二学期では、オープンスクールでの保護者の皆様、大学院で学ぶ先生方、道徳の授業公開での淡路島内の中学校・小学校の先生方、出前授業等で来校していただいた地域の方々など多くの来校者がありました。その来校者の多くの方々の感想が3つあります。一つは、「あいさつをみんなしっかりしてくれました」二つ目は「自分達の校舎を美しくしようとする姿勢に感心しました。」三つめは「授業に落ち着いて取り組めています。」とても嬉しく思いました。これらは人としての「基本のき」です。人としての基本が学校の風土を作り伝統となっていくと思います。また、生徒会主催の広田リンピックボッチャ大会は勇気と元気を与えてくれました。広田中に新たな一ページを刻んでくれたと思います。広田中の誇れる卒業生です。
「どん底に大地あり」という言葉を知っていますか。
皆さんといった長崎修学旅行。被爆直後の長崎で、自らも被爆したにもかかわらず、被爆者の救護に尽力した医師である永井隆(ながいたかし)博士の言葉です。苦しいときにも自分の足で立つことのできる地面がちゃんとあるという意味です。実際、被爆直後の長崎の人々は新芽を出した神社の被爆クスノキの大木に希望を見出し、爆風に耐えた一本柱の鳥居に勇気をもらい、復興に尽力しました。

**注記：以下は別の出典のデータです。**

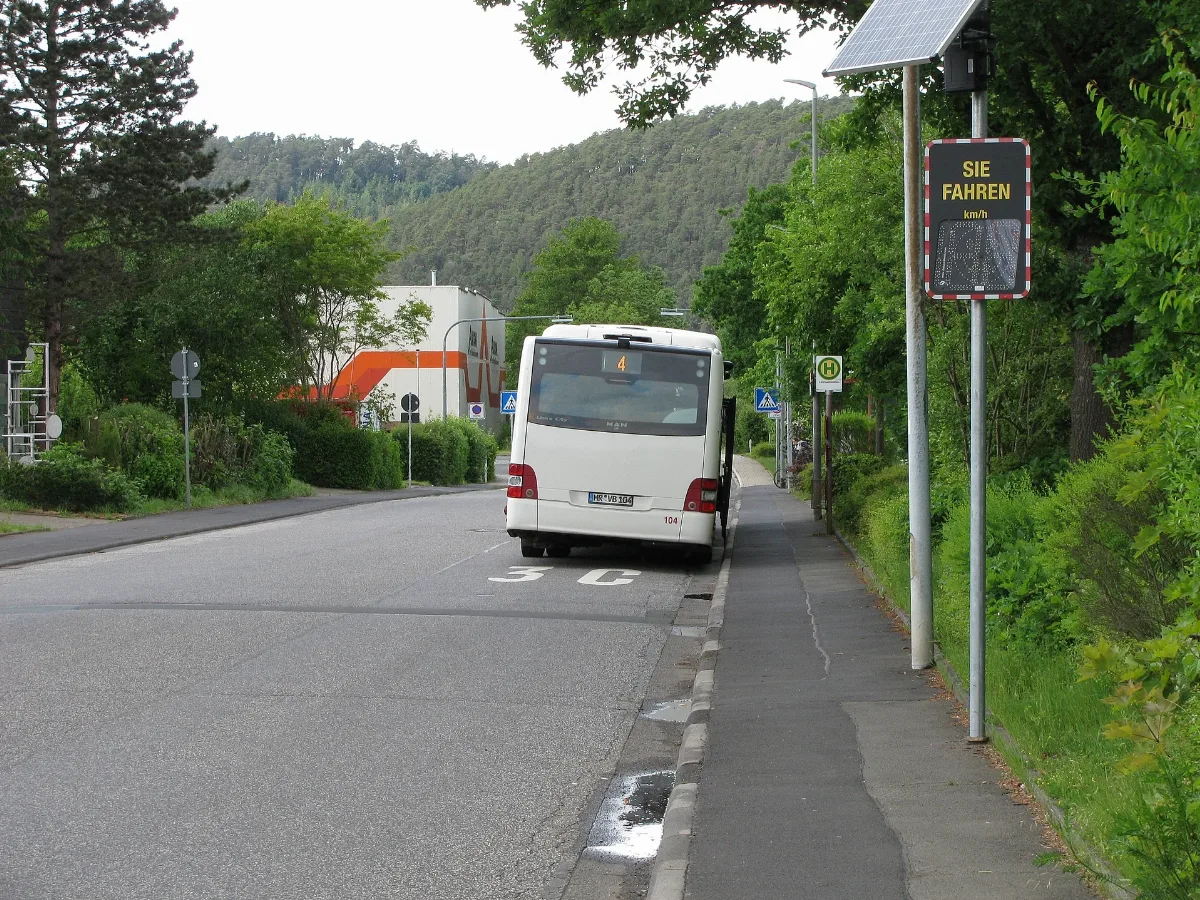 Bushaltestelle Lahnwerkstätten, 1, Wehrda, Marburg, Landkreis Marburg Biedenkopf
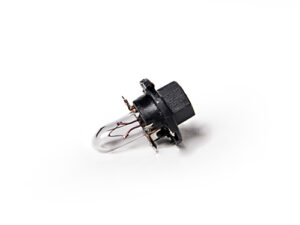 Lamparas Halogenas Y De Señalizacion/ LAMPARAS DE SEÑALIZACION 12V 1.2W BX8.4D 12V 1.2W  BLACK 2721 CON PORTALAMPARA NEGRO  (CODIGO ANTERIOR: 12606KO) / Maromec un Aliado para tu Comercio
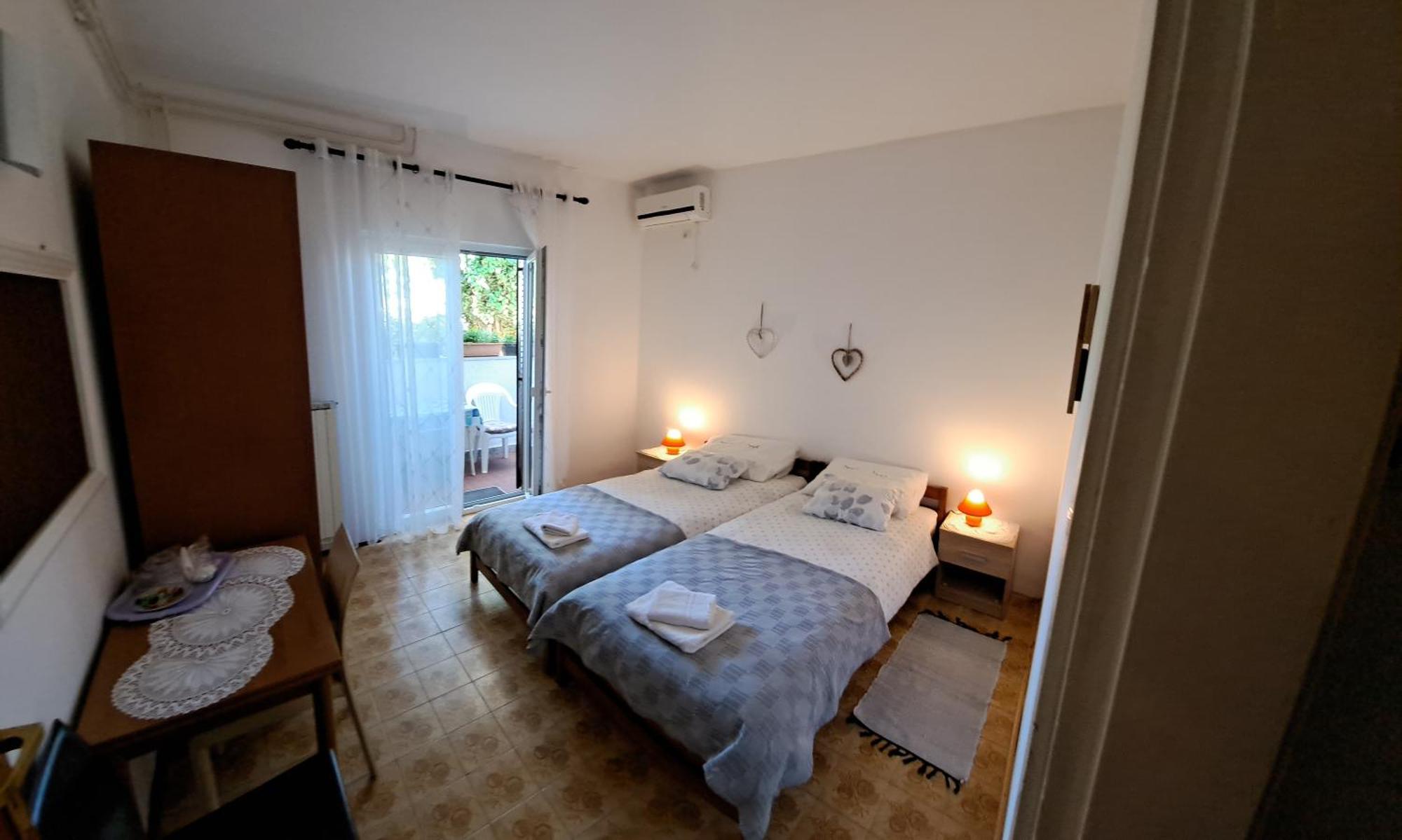 Accomodation Mirjana Rooms Poreč Eksteriør bilde
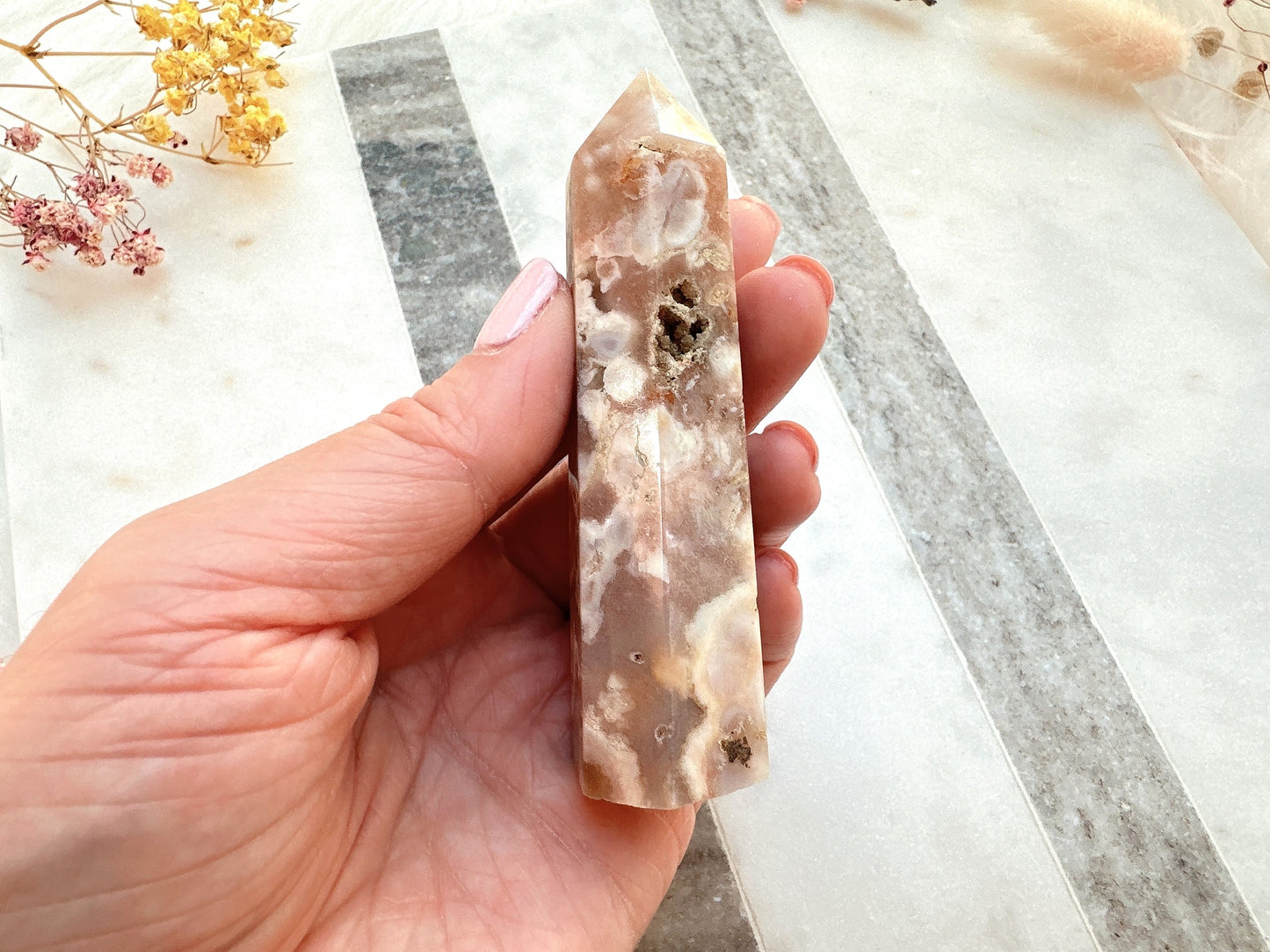 Small Flower Agate Tower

皆さんも、中学校を卒業すると、これまでとは比べものにならないほど多くのハードルを乗り越えなくてはなりません。何かの壁にあたってしまったとき、「大地に足を踏ん張り、踏み出す希望を持ちましょう。この大地は、まさに三年間の家族・仲間の支えや自らの努力の積み重なった強い大地です。」
広田中学校卒業生として、中学三年間の学びで身につけた「地域・社会貢献できる力、仲間と心と力を合わせる大切さ、自分の良さに気づき、努力・挑戦する力」校訓の自主・協同・勤勉です。これらは、「夢を叶える力」です。希望を持つ強い大地です。一歩踏み出し、自分たちの夢の実現に向けて、生徒会スローガンのように「勇往邁進」し、活躍することを期待しています。

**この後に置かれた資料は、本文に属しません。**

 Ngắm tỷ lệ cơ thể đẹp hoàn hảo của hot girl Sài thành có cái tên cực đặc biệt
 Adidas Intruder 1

最後になりましたが、保護者の皆様、本日はお子様のご卒業、誠におめでとうございます。中学校生活という大きな壁、不安、それらを乗り越え、今お子様方はこんなに立派に成長されました。心よりお祝い申しあげますとともに、三年間、学校に対したくさんのご支援をいただきましたこと、深く感謝申しあげます。私ども教職員一同、今後もお子様の成長とご活躍を願っております。
それでは、卒業生の皆さん、皆さんの限りない前途に幸多かれと祈り、私の式辞といたします。